**THE INPUT:**
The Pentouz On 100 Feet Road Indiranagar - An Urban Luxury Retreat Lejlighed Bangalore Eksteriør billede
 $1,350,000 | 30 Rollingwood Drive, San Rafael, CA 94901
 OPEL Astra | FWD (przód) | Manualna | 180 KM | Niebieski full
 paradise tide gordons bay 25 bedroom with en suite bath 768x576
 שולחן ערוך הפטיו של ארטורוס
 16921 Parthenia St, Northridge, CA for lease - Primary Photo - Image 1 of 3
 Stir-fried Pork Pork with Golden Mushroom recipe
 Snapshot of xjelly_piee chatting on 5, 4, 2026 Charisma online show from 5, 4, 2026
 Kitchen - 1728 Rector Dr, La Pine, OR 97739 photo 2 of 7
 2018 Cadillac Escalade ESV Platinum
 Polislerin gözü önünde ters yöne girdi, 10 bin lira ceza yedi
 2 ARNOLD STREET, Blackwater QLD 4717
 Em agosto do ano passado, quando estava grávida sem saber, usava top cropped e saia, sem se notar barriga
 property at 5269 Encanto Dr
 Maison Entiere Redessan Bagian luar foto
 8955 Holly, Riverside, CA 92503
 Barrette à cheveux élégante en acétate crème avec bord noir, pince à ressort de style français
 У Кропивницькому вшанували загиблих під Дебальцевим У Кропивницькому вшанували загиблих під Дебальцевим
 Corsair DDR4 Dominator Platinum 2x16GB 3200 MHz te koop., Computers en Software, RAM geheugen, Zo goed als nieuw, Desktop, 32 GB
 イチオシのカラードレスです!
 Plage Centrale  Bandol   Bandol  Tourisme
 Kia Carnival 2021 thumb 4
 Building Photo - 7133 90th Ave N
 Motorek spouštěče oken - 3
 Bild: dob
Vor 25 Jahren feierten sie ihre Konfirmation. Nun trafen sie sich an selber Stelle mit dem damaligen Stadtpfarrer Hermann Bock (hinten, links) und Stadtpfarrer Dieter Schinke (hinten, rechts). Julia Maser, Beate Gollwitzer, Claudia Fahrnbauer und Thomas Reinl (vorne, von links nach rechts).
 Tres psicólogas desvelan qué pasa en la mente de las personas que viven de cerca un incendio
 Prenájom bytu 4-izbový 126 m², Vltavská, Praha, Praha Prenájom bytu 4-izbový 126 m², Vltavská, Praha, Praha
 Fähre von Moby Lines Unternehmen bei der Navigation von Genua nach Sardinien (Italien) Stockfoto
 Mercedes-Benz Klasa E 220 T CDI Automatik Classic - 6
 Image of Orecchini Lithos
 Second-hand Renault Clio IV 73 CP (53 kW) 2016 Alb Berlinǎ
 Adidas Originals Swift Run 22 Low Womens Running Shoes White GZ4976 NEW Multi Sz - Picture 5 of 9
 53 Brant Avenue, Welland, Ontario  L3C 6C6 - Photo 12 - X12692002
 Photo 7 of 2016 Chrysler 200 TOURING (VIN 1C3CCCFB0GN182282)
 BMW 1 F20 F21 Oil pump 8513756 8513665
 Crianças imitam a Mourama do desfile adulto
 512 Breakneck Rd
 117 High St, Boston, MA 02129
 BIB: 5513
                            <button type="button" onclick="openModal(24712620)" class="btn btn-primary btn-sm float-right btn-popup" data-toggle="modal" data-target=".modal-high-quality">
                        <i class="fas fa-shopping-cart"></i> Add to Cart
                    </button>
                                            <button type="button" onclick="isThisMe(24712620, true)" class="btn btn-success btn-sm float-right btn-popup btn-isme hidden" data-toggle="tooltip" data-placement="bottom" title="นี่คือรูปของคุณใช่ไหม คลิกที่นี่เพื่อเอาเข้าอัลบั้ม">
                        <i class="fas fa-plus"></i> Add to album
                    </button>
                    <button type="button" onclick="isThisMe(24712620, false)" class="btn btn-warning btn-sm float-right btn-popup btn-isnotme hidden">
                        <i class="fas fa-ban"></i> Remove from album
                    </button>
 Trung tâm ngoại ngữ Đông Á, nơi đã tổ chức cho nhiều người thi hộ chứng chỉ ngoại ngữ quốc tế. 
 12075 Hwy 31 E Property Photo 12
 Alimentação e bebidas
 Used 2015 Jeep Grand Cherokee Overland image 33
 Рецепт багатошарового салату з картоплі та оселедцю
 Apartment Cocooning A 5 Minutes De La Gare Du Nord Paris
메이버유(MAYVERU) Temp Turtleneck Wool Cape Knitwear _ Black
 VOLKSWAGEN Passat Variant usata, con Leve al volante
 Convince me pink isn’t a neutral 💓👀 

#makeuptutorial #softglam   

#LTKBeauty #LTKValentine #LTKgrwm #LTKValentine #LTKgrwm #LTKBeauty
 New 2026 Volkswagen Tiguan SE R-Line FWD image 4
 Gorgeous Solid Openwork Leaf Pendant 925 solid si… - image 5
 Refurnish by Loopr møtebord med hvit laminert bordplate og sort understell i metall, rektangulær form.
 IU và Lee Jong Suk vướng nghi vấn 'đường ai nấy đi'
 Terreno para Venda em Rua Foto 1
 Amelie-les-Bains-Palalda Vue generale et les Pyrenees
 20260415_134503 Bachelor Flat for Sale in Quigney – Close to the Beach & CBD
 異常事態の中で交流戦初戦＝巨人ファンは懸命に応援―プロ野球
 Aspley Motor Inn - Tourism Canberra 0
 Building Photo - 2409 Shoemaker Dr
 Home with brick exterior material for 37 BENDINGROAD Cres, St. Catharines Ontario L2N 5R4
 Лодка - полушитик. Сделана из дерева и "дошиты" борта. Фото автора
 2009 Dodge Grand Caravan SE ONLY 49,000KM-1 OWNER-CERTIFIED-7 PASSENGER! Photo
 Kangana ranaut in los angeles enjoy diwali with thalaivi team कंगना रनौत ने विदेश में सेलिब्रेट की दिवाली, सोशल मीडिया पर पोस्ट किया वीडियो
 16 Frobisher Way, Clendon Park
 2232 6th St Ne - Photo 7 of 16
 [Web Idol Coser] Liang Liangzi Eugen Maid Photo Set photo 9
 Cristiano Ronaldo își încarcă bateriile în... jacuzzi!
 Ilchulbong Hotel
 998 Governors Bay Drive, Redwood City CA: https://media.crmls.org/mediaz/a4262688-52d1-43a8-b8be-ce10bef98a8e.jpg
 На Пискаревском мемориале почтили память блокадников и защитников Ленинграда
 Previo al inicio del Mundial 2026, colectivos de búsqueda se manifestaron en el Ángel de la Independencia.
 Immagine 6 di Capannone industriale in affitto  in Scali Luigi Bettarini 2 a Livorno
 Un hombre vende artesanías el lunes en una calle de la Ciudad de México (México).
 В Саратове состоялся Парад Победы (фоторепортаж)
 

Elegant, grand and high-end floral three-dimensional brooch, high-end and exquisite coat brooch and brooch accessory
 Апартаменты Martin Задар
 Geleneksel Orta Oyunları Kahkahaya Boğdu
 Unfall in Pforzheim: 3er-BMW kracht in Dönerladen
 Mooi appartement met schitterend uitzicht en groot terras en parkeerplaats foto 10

**TASK TO CARRY OUT:**
Every line of the material that includes the word "isThisMe" needs to be copied.

**PROBLEM SOLUTION:**
                                            <button type="button" onclick="isThisMe(24712620, true)" class="btn btn-success btn-sm float-right btn-popup btn-isme hidden" data-toggle="tooltip" data-placement="bottom" title="นี่คือรูปของคุณใช่ไหม คลิกที่นี่เพื่อเอาเข้าอัลบั้ม">
                    <button type="button" onclick="isThisMe(24712620, false)" class="btn btn-warning btn-sm float-right btn-popup btn-isnotme hidden">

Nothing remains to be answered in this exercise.